Your answer must consist solely of the line containing "217 Baxter Street, London, ON" and all subsequent lines through the end of the entries, reproduced exactly.

BEGIN THE DATA

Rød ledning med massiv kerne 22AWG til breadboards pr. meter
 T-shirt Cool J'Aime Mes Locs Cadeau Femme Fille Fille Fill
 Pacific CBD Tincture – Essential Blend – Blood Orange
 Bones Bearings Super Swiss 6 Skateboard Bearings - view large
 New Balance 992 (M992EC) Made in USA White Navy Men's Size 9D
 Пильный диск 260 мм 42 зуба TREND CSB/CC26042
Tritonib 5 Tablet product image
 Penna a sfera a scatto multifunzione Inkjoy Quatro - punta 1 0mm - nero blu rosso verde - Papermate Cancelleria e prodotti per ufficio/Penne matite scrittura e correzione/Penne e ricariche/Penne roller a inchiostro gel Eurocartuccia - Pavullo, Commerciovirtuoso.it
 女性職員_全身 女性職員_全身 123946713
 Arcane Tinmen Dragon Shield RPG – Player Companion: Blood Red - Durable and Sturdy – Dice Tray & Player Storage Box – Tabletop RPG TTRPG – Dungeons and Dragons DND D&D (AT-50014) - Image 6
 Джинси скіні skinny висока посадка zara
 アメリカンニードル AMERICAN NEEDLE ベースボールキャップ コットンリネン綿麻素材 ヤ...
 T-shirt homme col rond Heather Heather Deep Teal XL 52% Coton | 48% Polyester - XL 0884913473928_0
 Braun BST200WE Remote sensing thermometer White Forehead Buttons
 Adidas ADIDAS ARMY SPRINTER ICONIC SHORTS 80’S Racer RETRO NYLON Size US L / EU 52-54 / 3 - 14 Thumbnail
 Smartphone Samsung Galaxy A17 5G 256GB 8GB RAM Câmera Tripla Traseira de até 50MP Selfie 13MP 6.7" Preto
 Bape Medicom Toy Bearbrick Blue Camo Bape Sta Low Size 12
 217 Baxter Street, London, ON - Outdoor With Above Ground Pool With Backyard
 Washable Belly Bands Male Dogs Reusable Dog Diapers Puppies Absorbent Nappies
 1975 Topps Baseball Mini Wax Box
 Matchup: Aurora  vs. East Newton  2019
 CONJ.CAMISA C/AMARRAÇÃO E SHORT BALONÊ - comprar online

END THE DATA

◆ ANSWER TO THIS EXERCISE
 217 Baxter Street, London, ON - Outdoor With Above Ground Pool With Backyard
 Washable Belly Bands Male Dogs Reusable Dog Diapers Puppies Absorbent Nappies
 1975 Topps Baseball Mini Wax Box
 Matchup: Aurora  vs. East Newton  2019
 CONJ.CAMISA C/AMARRAÇÃO E SHORT BALONÊ - comprar online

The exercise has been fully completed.